* **WORK INSTRUCTIONS**
Exactly as written, retype the listing below, omitting the pictures.

* **INFORMATION PROVIDED**
════════════════════
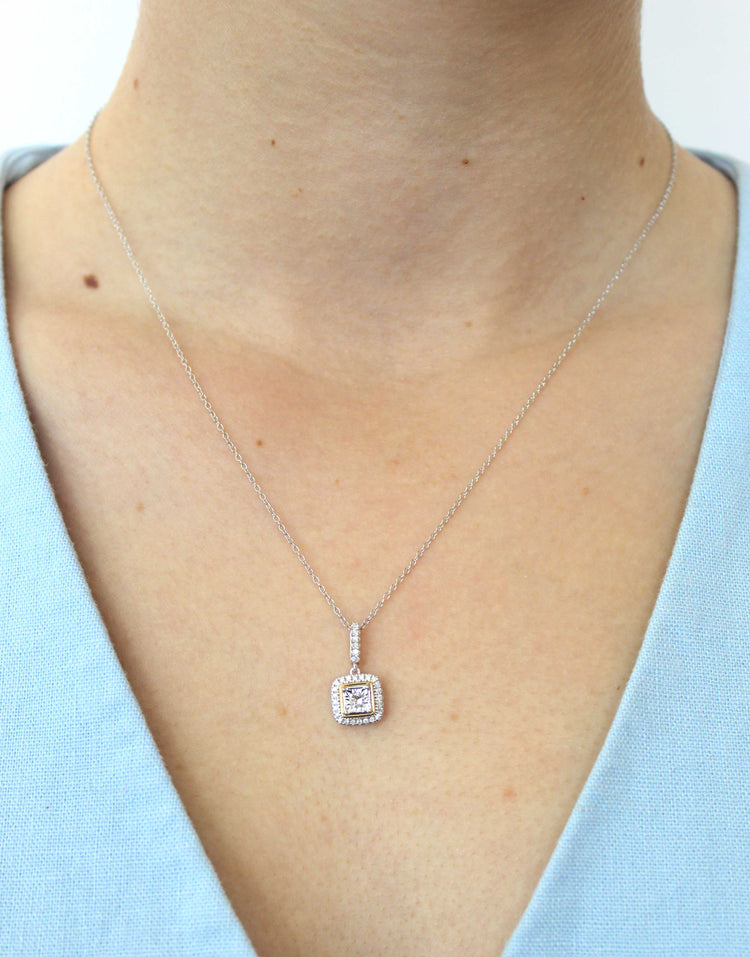 1/4CT TW Diamond cushion Pendant in Sterling Silver & 14k Yellow plating with 18" cable chain - Fifth and Fine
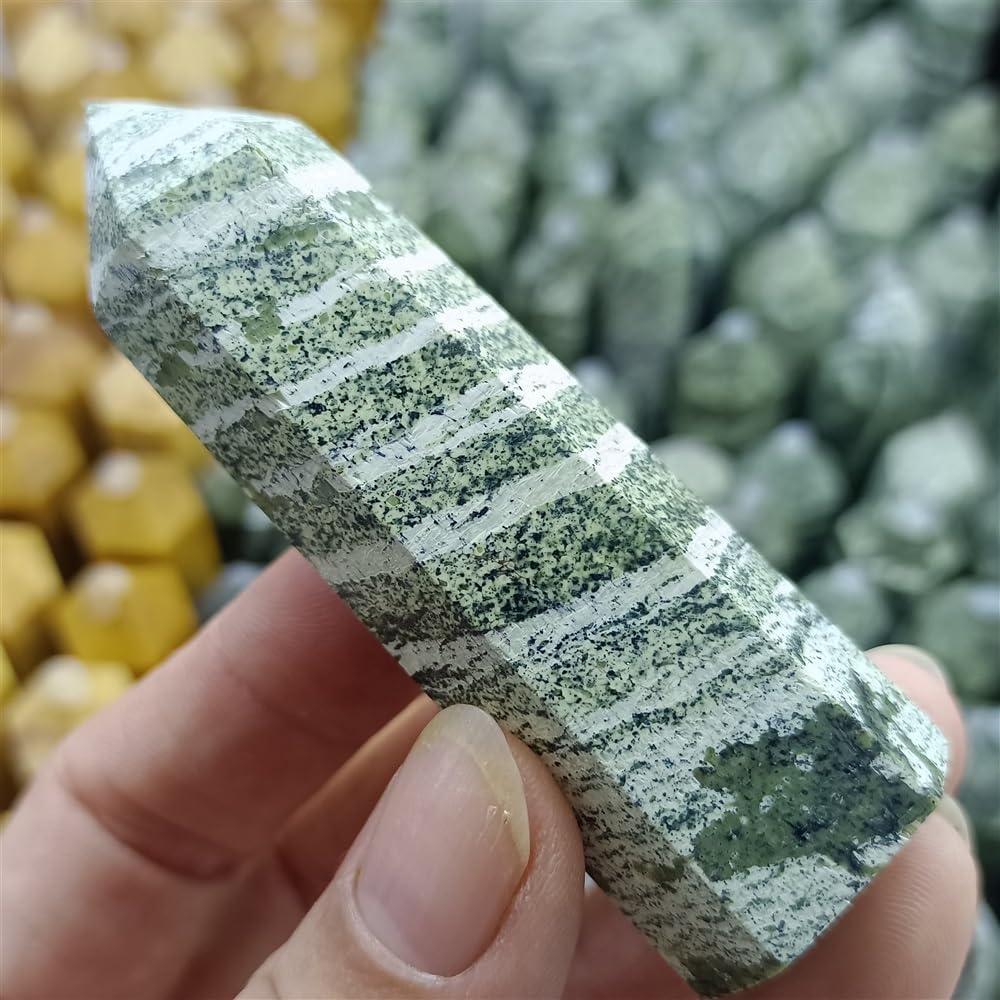KatLin Natural Green Zebra Stone Crystal Column for Home Office Decor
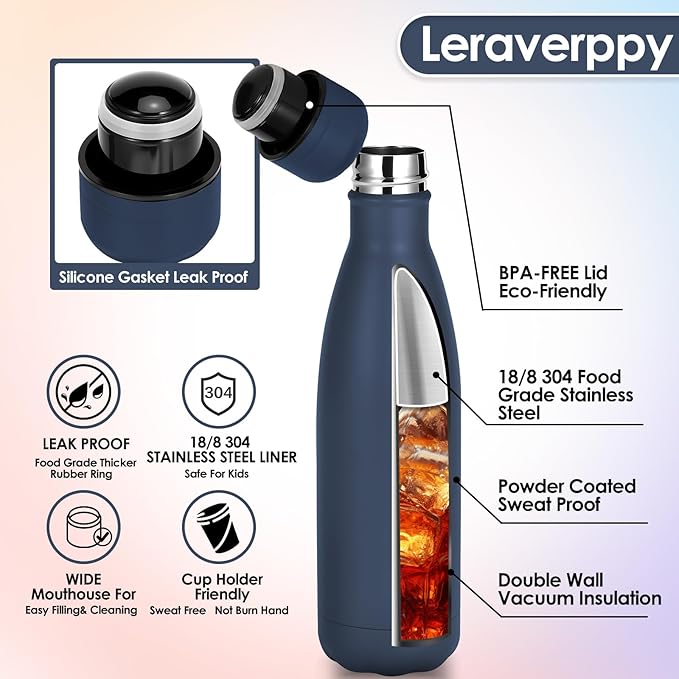 17oz Cola-Bottle Shaped Stainless Steel Leak-Proof Water Bottle,Double Wall Vacuum Insulated Metal,Travel Mug for Sports Indoors & Outdoors,BPA-Free School Kids Flasks,Navy(1Pack)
════════════════════
* **SOLUTION FOR THIS PROBLEM**
 1/4CT TW Diamond cushion Pendant in Sterling Silver & 14k Yellow plating with 18" cable chain - Fifth and Fine
KatLin Natural Green Zebra Stone Crystal Column for Home Office Decor
 17oz Cola-Bottle Shaped Stainless Steel Leak-Proof Water Bottle,Double Wall Vacuum Insulated Metal,Travel Mug for Sports Indoors & Outdoors,BPA-Free School Kids Flasks,Navy(1Pack)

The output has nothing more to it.